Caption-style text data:
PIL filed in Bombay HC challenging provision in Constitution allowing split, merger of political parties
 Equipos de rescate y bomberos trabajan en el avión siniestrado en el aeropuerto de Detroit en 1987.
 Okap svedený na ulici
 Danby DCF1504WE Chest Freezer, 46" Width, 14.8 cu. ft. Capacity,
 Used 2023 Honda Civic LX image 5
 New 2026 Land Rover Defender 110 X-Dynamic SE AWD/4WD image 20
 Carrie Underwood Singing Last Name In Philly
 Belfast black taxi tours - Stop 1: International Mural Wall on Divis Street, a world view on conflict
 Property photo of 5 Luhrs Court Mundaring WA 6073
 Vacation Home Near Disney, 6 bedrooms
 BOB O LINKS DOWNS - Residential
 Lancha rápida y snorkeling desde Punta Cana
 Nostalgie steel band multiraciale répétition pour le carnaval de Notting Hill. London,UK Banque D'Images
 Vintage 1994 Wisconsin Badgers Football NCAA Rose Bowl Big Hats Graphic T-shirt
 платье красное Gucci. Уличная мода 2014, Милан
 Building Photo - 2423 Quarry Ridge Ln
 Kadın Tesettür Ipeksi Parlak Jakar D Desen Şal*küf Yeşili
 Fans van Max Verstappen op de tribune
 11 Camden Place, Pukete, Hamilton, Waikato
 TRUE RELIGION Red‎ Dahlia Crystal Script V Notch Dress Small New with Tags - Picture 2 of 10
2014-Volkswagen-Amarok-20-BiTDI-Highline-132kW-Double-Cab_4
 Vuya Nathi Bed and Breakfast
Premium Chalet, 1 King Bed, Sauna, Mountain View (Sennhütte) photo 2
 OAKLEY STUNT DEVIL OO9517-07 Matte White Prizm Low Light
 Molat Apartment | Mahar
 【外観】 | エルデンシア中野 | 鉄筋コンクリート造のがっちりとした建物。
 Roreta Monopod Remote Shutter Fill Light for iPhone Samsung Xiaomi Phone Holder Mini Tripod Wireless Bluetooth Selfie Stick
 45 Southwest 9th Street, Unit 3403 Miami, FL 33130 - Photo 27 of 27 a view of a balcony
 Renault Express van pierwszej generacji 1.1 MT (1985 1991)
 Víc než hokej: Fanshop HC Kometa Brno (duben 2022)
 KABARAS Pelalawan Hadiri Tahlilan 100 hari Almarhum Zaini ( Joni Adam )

## To do
Print exactly the lines from the one with "2014-Volkswagen-Amarok-20-BiTDI-Highline-132kW-Double-Cab_4" through the end of the data, inclusive.

## Result of the exercise
2014-Volkswagen-Amarok-20-BiTDI-Highline-132kW-Double-Cab_4
 Vuya Nathi Bed and Breakfast
Premium Chalet, 1 King Bed, Sauna, Mountain View (Sennhütte) photo 2
 OAKLEY STUNT DEVIL OO9517-07 Matte White Prizm Low Light
 Molat Apartment | Mahar
 【外観】 | エルデンシア中野 | 鉄筋コンクリート造のがっちりとした建物。
 Roreta Monopod Remote Shutter Fill Light for iPhone Samsung Xiaomi Phone Holder Mini Tripod Wireless Bluetooth Selfie Stick
 45 Southwest 9th Street, Unit 3403 Miami, FL 33130 - Photo 27 of 27 a view of a balcony
 Renault Express van pierwszej generacji 1.1 MT (1985 1991)
 Víc než hokej: Fanshop HC Kometa Brno (duben 2022)
 KABARAS Pelalawan Hadiri Tahlilan 100 hari Almarhum Zaini ( Joni Adam )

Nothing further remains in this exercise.